On an environmental front, I’ve mentioned that the power being produced is virtually emissions free.
If we did not have the nuclear power plants we have in Canada today, and instead relied on fossil-based electricity for that output, our country would generate an additional 90 million tonnes of greenhouse gases every year. That would add about 12 percent to our annual greenhouse gas emissions.
Further replacing fossil-based energy with nuclear energy can have a very positive impact as we strive to lessen our country’s, and the world’s, carbon footprint.
Nuclear’s low emissions, low fuel costs, and low real estate needs were already attractive to many countries before we started talking about either capping carbon emissions, or putting a price on them.
As energy demands increase and we move towards a carbon-constrained world, nuclear energy has a role to play in Canada and abroad. As developing countries look to sustainable and renewable fuel sources, nuclear is a clear choice. It is virtually emissions free, is affordable and can help create jobs at home and in developing countries that will stimulate an economy rooted in innovation and research.
Now let me talk about innovation. It’s a subject I know you all care about, because it drives productivity and ultimately, improvements in our standards of living.

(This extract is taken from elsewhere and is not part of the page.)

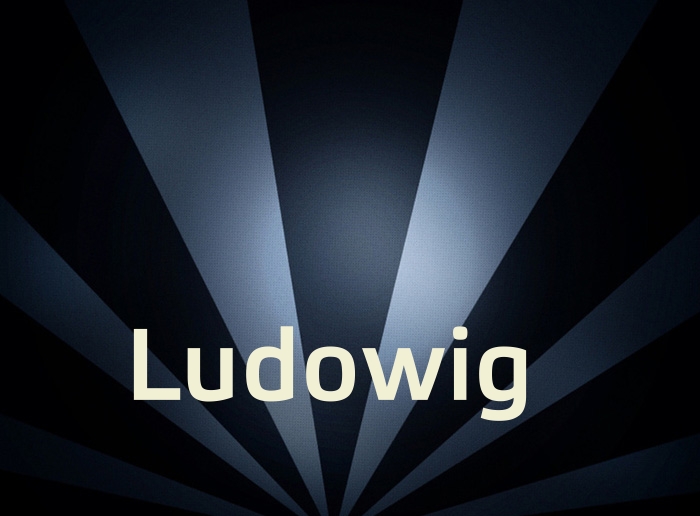 Bilder mit Namen Ludowig Bilder mit Namen Ludowig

Most of us have an appreciation for research and development, and how important the international exchange of talent and knowledge is in these advances. Let me talk briefly about some of the more specific benefits of nuclear research and development.

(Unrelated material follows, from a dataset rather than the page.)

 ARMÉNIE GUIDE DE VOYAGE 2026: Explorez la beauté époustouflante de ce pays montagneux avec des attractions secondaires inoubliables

Nuclear R&D – particularly our larger facilities that can do neutron beam testing — supports materials and product improvements, medical products and services, training and development of scientists and engineers, and other activities of high value to an advanced economy. This benefits industries far beyond the nuclear sector alone.
It particularly contributes to the health sciences. To mention just one example, scientists are studying nanostructures to design carriers for therapeutic agents that can target cancer, Alzheimer’s disease and more.
These advances are not just enjoyed in Canada. They are enjoyed everywhere in the world where we sell our products.
Let me touch on one final field within our industry of which Canadians can very proud. Nuclear medicine. This field got its worldwide start in Canada in 1951 with the first uses of cobalt-60 radioisotopes to treat cancer. Canada has continued to lead in this area for six decades.
Canadian-produced medical isotopes are used in over 50,000 procedures every day, worldwide, with 5,000 of those in Canada. Every day.
Medical isotopes are used in targeted cancer treatments, for medical imaging, and Canada supplies over half of that market worldwide. These images enable physicians to diagnose and treat all kinds of diseases including cardiac conditions and several types of cancers.
Canada also supplies three-quarters of the world’s Cobalt-60, which is a sterilizing agent. Cobalt-60 is used to sterilize nearly half of the world’s single-use medical supplies and devices—things like bandages, catheters and syringes.
There are clear benefits from nuclear technology in terms of lives saved or extended, illnesses and infections avoided. And Canada is connected to a worldwide system of expertise that delivers those benefits consistently, and with excellence.
With each passing year, the global community of people who care about the environment have more and more in common with the global community of people who provide nuclear power generation. Those who are continually striving to improve its safety, its economics, and its environmental performance.
With that, I want to thank you again for inviting me to be here this afternoon.